**WHAT IS NEEDED:** Please set down only the lines below starting with the line with "Cobbie Cuddlers Leather" and going on through the line with "Çeşme'de Feci Olay: Bir", verbatim and without pictures.

--- MATERIAL PROVIDED Enclosed Below ---

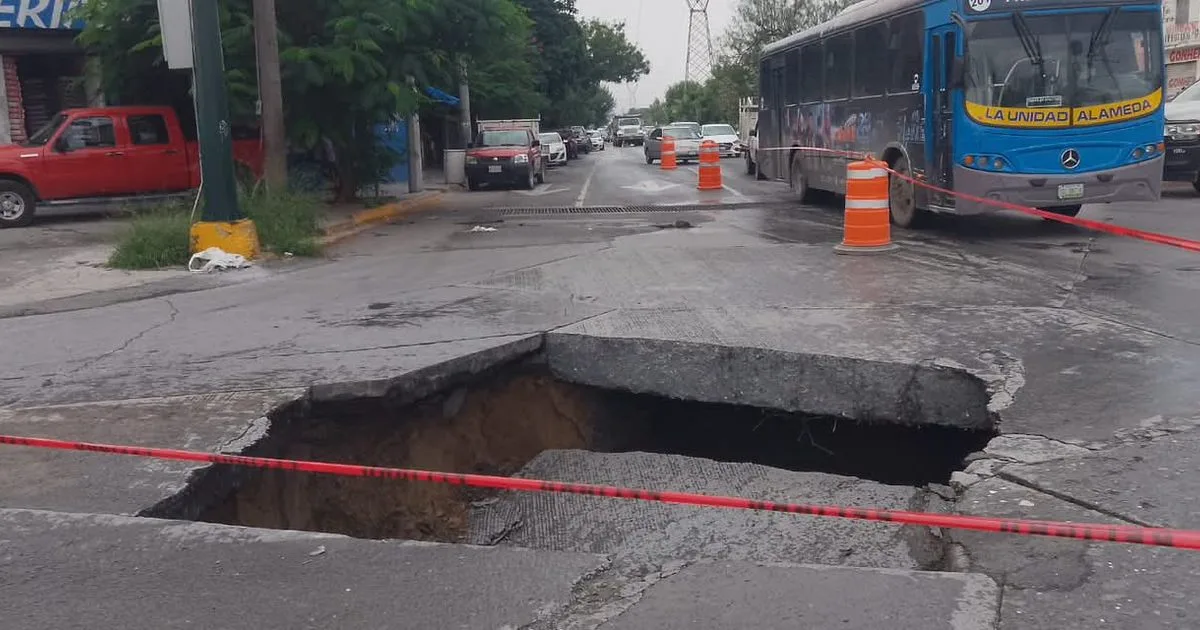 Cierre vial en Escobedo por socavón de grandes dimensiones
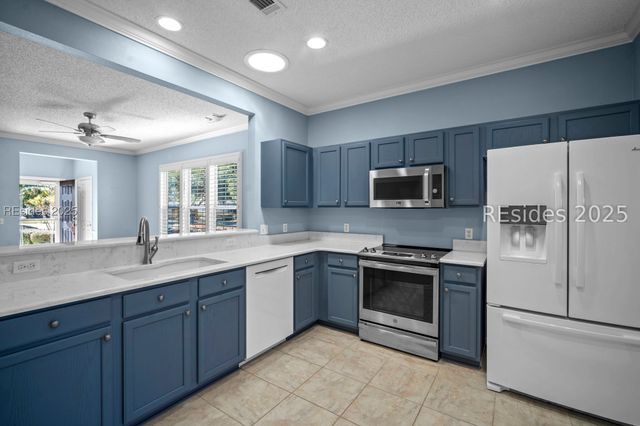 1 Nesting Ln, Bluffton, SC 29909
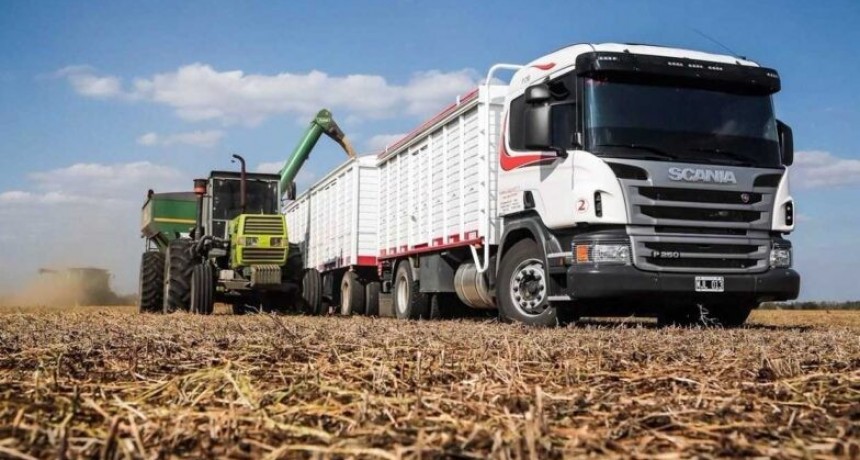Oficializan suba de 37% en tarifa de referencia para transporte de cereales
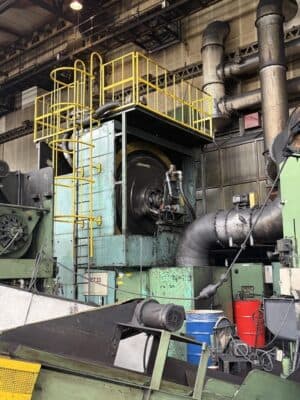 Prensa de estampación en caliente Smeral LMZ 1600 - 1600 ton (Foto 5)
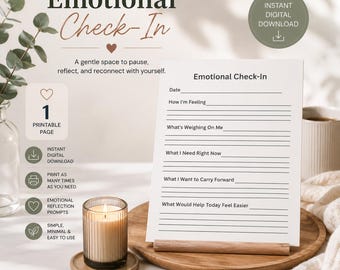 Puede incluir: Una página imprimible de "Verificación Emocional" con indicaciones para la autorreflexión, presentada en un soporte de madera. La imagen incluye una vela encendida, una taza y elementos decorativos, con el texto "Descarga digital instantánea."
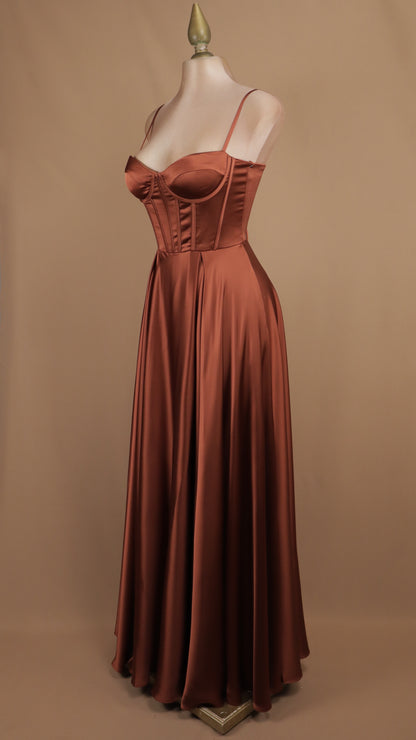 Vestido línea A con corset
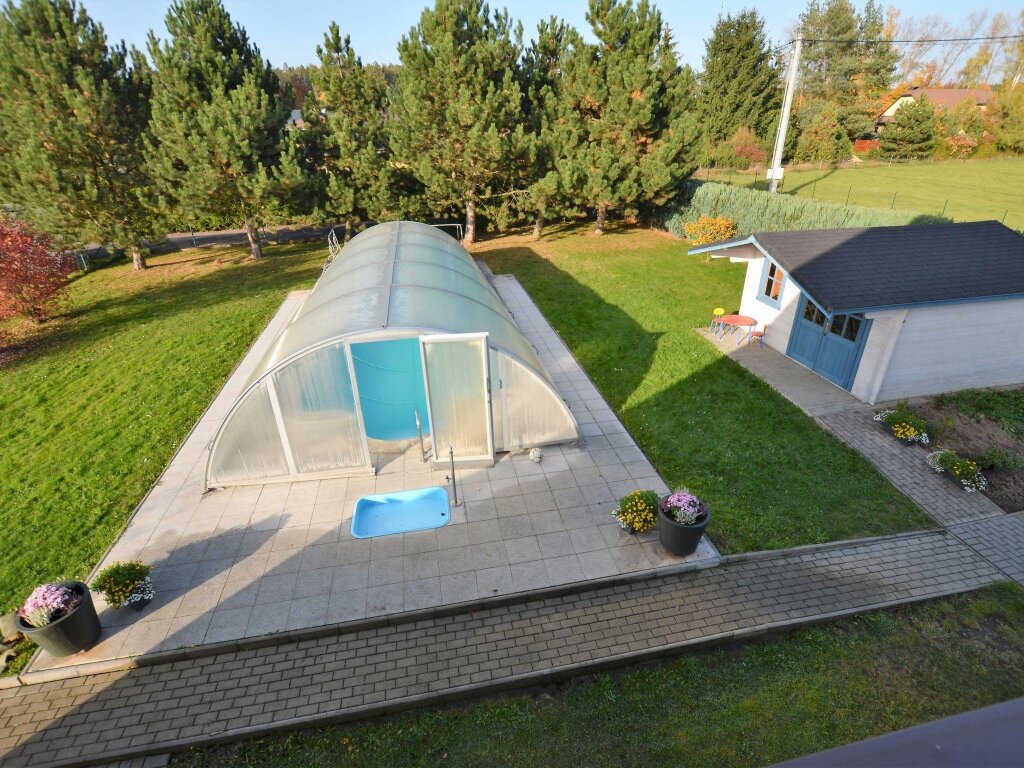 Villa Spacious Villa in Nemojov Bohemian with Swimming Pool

--- End of Enclosed MATERIAL PROVIDED ---
--- MATERIAL PROVIDED Enclosed Below ---

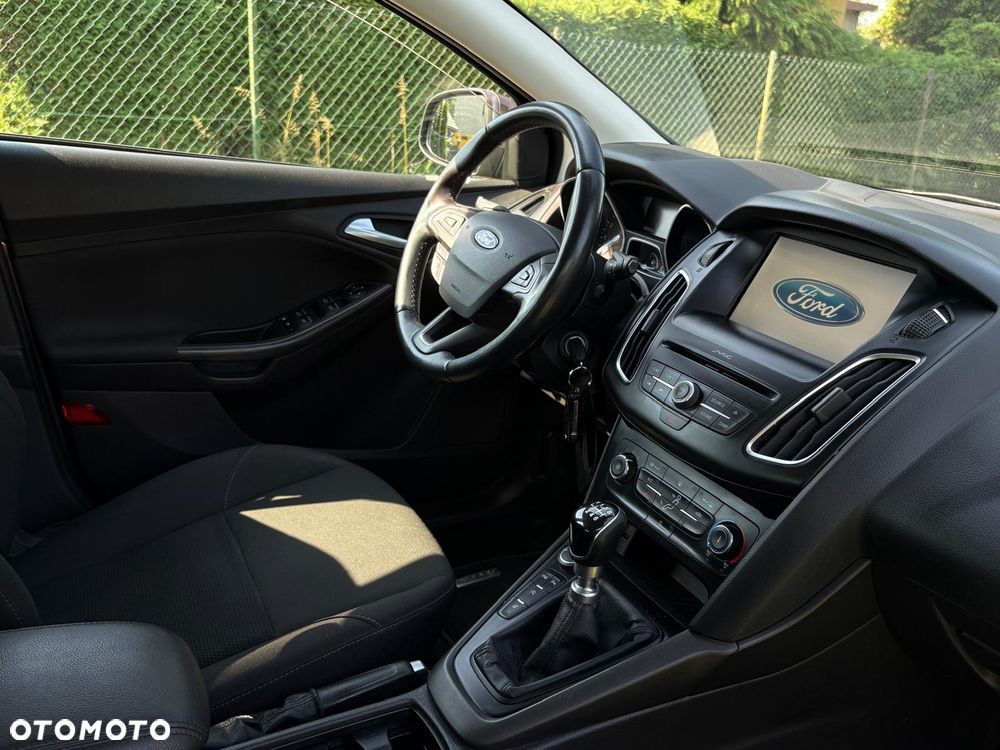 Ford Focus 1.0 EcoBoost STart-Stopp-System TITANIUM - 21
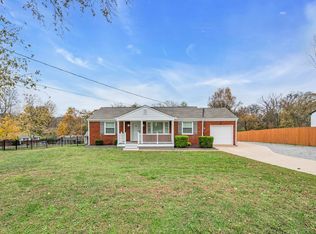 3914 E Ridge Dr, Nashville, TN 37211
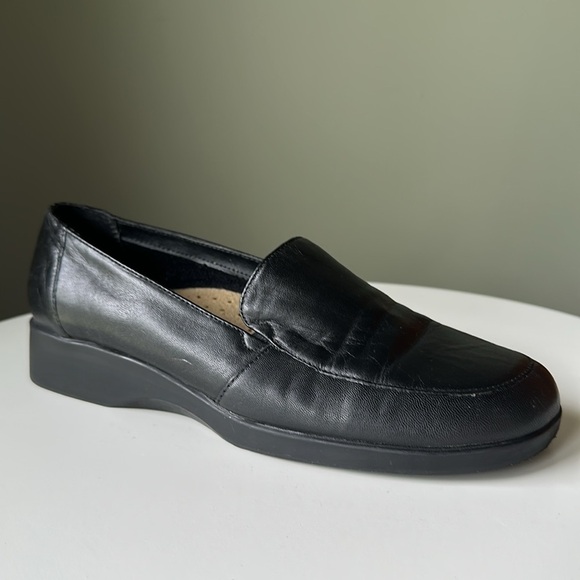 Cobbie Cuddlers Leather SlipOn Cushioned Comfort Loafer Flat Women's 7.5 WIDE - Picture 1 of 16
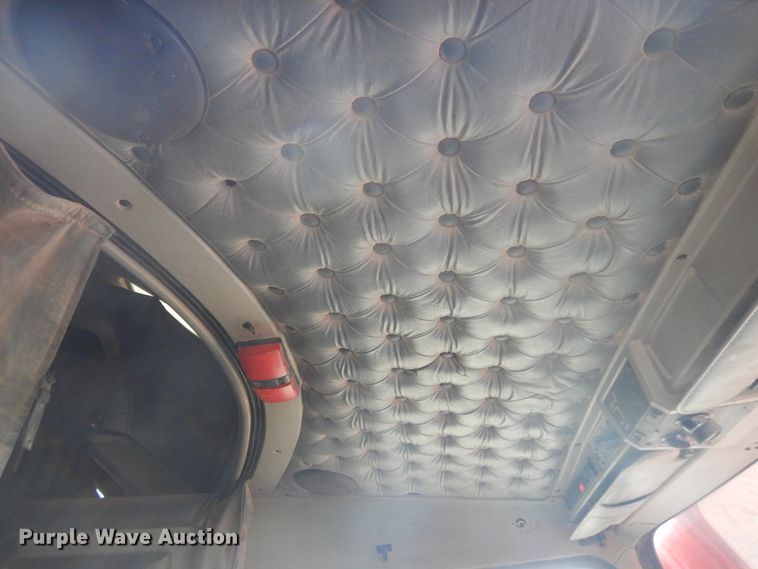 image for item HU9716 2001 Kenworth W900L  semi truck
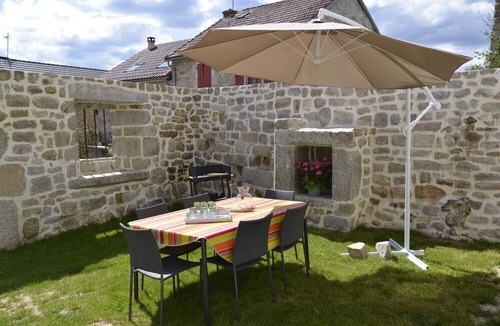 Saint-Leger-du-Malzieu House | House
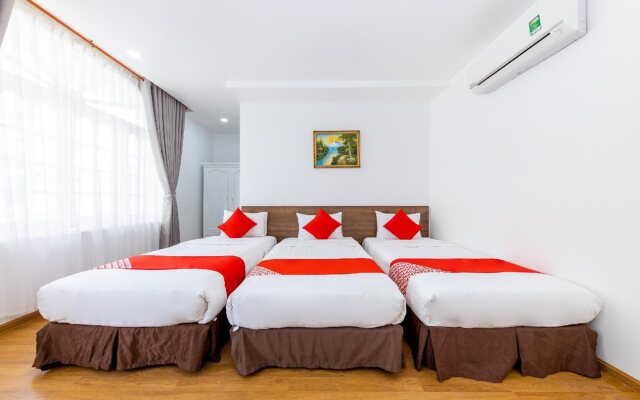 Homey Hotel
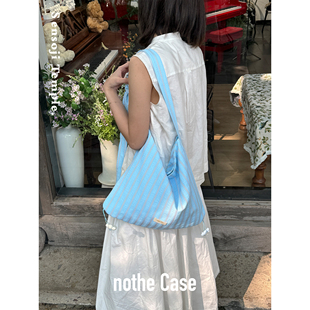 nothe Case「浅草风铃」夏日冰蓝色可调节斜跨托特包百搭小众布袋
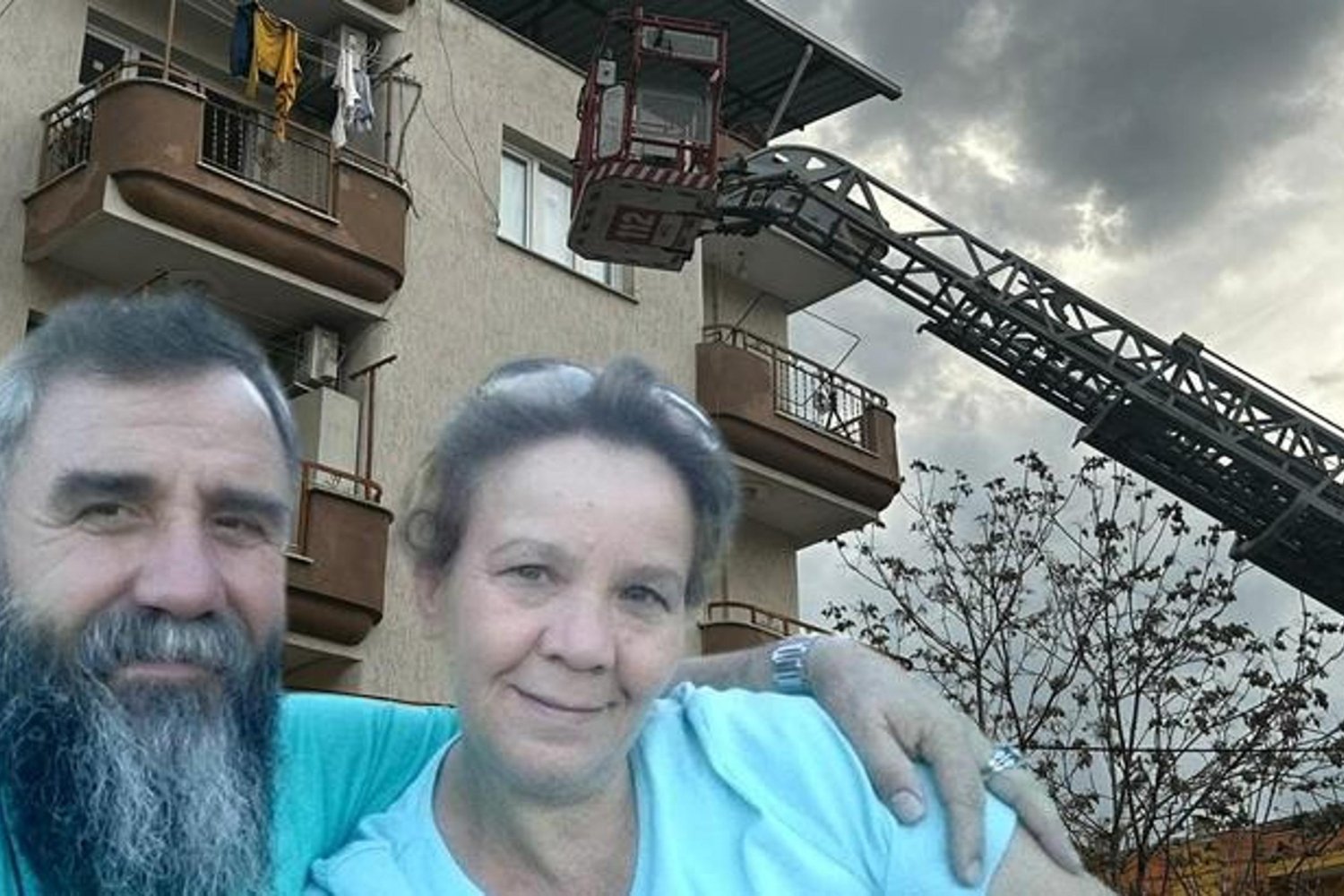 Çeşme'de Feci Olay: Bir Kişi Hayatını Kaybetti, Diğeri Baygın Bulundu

--- End of Enclosed MATERIAL PROVIDED ---

**EXERCISE RESPONSE:**
 Cobbie Cuddlers Leather SlipOn Cushioned Comfort Loafer Flat Women's 7.5 WIDE - Picture 1 of 16
 image for item HU9716 2001 Kenworth W900L  semi truck
 Saint-Leger-du-Malzieu House | House
 Homey Hotel
 nothe Case「浅草风铃」夏日冰蓝色可调节斜跨托特包百搭小众布袋
 Çeşme'de Feci Olay: Bir Kişi Hayatını Kaybetti, Diğeri Baygın Bulundu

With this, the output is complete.